The new substation in Jenin is meant to 'constitute the basis for the institutions of a future Palestinian state,' says Palestinian Authority prime minister

A worker walks near the new electrical substation outside the West Bank town of Jenin, July 10, 2017.
JAAFAR ASHTIYEH/AFP

Israel transferred responsibility for a new electrical substation outside the West Bank city of Jenin to the Palestinian Authority on Monday. This is the first time Israel has given the PA ownership of electricity infrastructure.

The Jenin substation won’t produce its own electricity; all the power will continue to come from Israel. But under the agreement signed Monday, the PA will have authority for operating and maintaining the plant, as well as over distribution of the electricity.

The Israel Electric Corporation said it is building three other substations in the West Bank, in Tarqumiya, Nablus and Ramallah; all will be operational within months. Israel and the Palestinian Authority are now negotiating a transfer of responsibility for these stations as well. The European Union, which helped build the substations, is also involved in the talks.

The Jenin substation will help alleviate the chronic electricity shortages in the northern West Bank by providing about 60 megawatts of power. Most of this power will go to the cities of Jenin, Tubas and Qabatiyah.

Energy Minister Yuval Steinitz and Palestinian Authority Prime Minister Rami Hamdallah both attended the signing ceremony in Ramallah.

Palestinian Authority Prime Minister Hamdallah (center) and Israeli Energy Minister Steinitz (right) mark the transfer of authority for the Jenin substation, July 10, 2017.
JAAFAR ASHTIYEH/AFP

Hamdallah termed the new substation an “important national project,” adding that it is just one of “a series of projects the Palestinian government is advancing throughout the West Bank, and which will constitute the basis for the institutions of a future Palestinian state.”

Ultimately, he said, the Palestinian Authority must create an independent system for electricity production and distribution. Both the international community and the private sector have already begun working toward this goal, he noted, but the PA needs help from both the international community and Israel to achieve it.

In the meantime, Hamdallah urged Israel to build more power plants in the West Bank, saying this would “enable us to develop and use our natural resources, especially in Area C,” the part of the West Bank under full Israeli control.

“Israel is interested in promoting infrastructure in the Palestinian Authority,” Steinitz replied, “and here you have the first example of fruitful cooperation.

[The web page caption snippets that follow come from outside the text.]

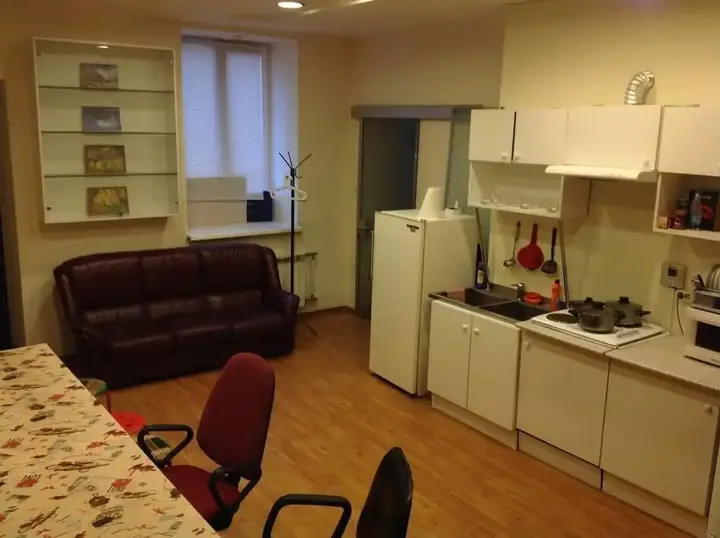 Санкт-Петербург: New Life Hostel 2 on Glinka
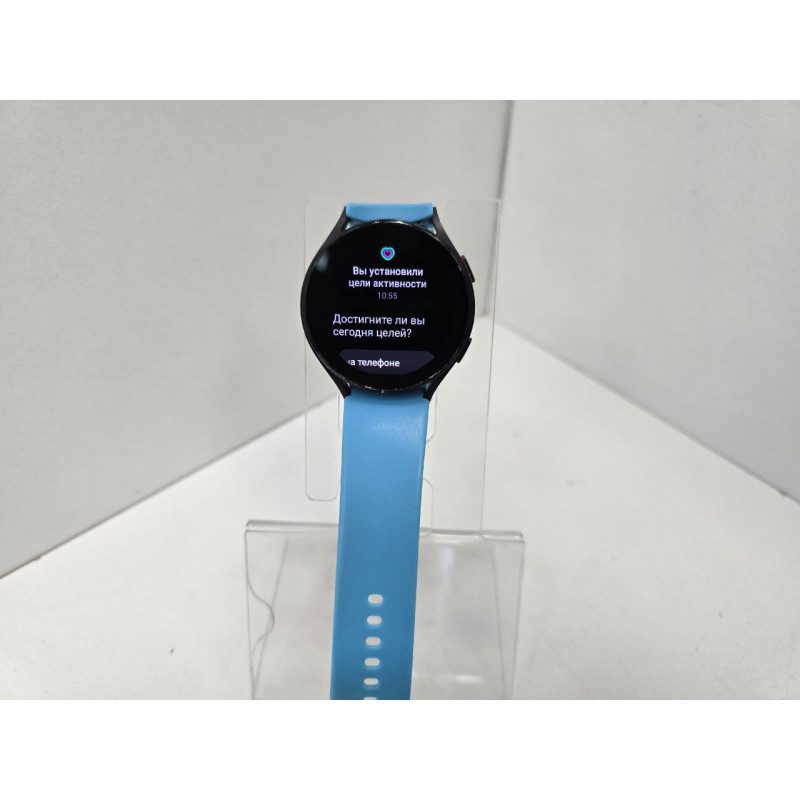 Умные Часы Samsung Galaxy Watch 4 44mm            
            б/у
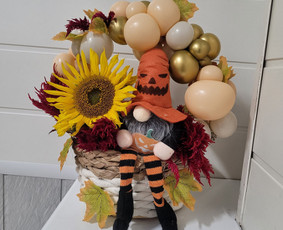 Švenčių Dekoravimas, Floristika, Fotozonų Įrengimas / Dinci Deco / Darbų pavyzdys ID 4023767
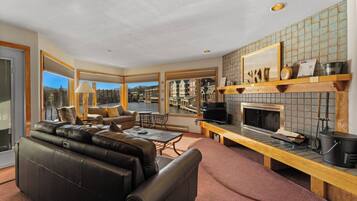 Appartement (1 Bedroom) | Exterieur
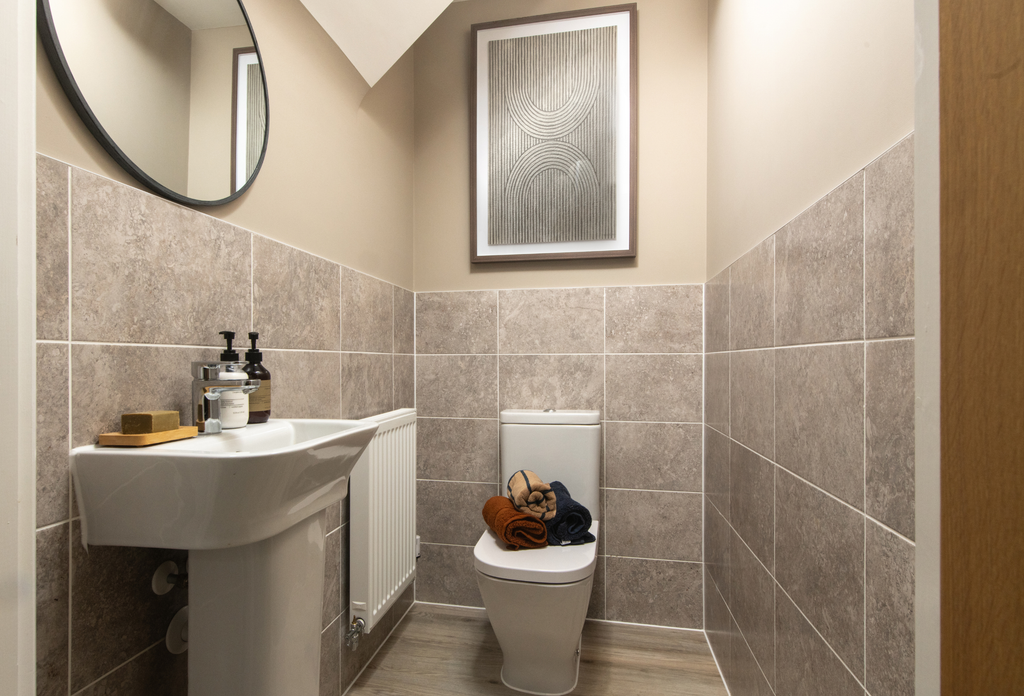 Additional image 7 of 4 bed detached house for saleIveshead Road, Shepshed LE12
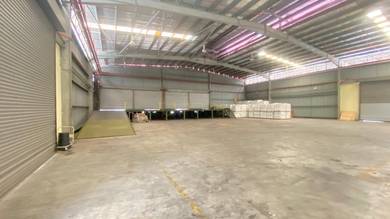 Warehouse / Factory For Sale in Pasir Gudang,JHR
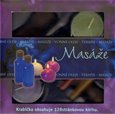 Masáže - dárková krabička - obálka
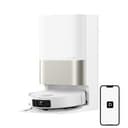 DREAME X50 Ultra White Robot Vacuum Mop 20,000Pa Suction｜Certified Refurbished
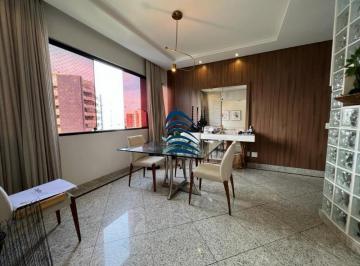 Foto 01 · COBERTURA DUPLEX PITUBA 280M² NASCENTE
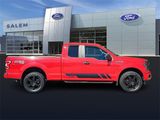 Used 2018 Ford F150 XL w/ Equipment Group 101A Mid image 2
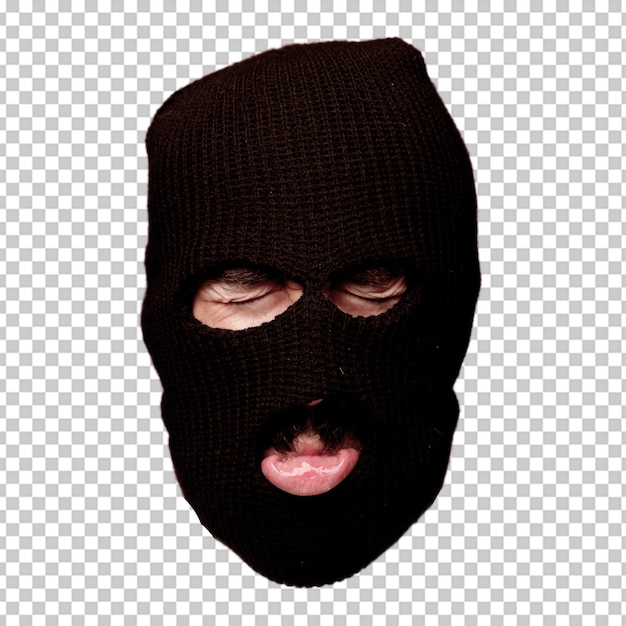 Download View Ski Mask Mockup Pics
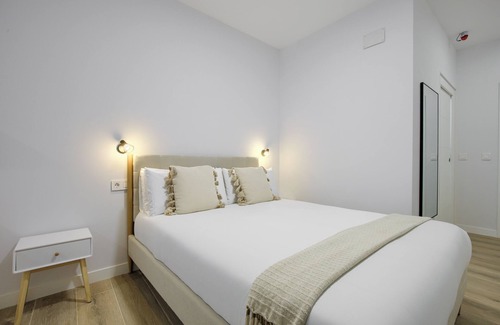 Numancia House | Dobo Madrid Numancia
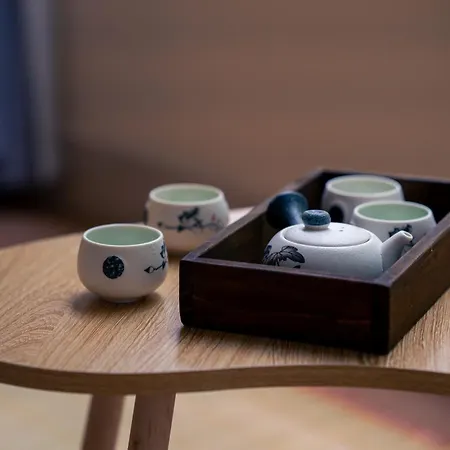 Bamboo Breeze Home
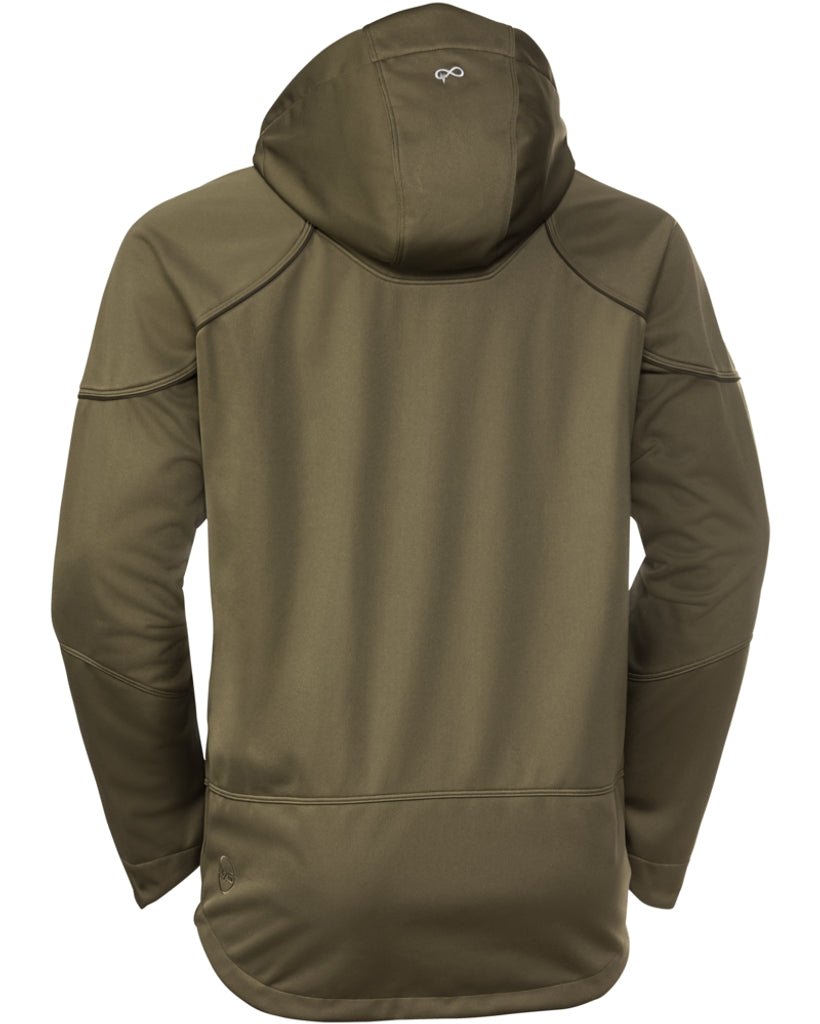 ジャケット パラークティック 365PRO インフィニティ オリーブ / PALEARCTIC 365PRO JACKET OLIVE (MEN)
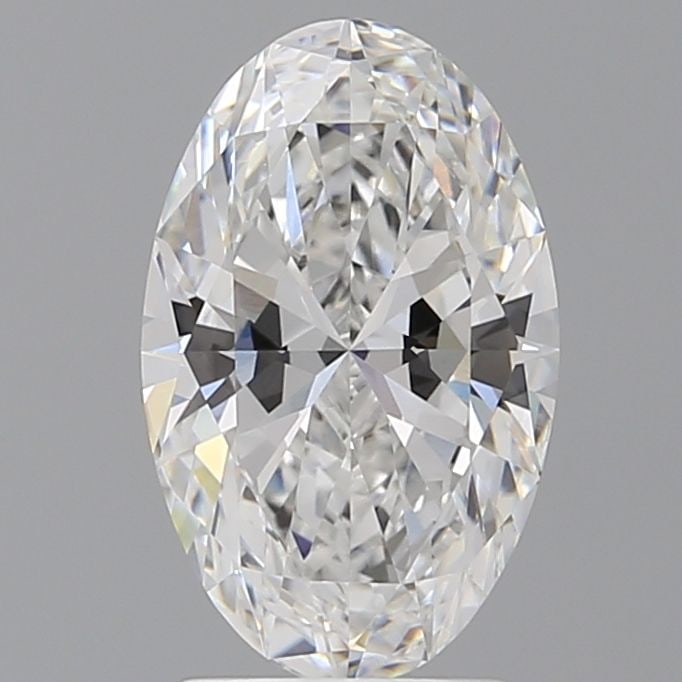 IGI Oval 2.5ct E VVS2 - Loose Lab Diamond: IGI Oval 2.5ct E VVS2 - Loose Lab Diamond Item Specifics: Source: This Is A Real Diamond Grown In A Lab Not Mined. Carat: 2.5 Cut: - Color: E Clarity: VVS2 Polish: EX Symmetry: EX Measurements: 11.85L
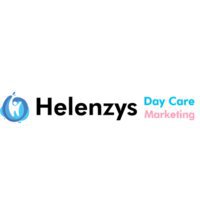 Helenzys Daycare Marketing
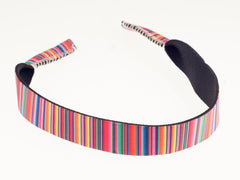 OPASKA NEOPRENOWA - STRIPES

And this certainly encourages a continuation.”

The agreement, he added, ensures that the electricity used by Palestinians “doesn’t fall on the shoulders of Israeli customers” by creating “a hermetic seal” between the Israeli and the Palestinian power supply.

The current agreement is an outgrowth of another Israeli-Palestinian agreement signed last September, which sought to resolve the issue of the PA’s ballooning debt to the IEC. Under that agreement, Israel wrote off hundreds of millions of shekels of the debt, which came to about two billion shekels ($560 million) in total. A repayment schedule was set up for the rest.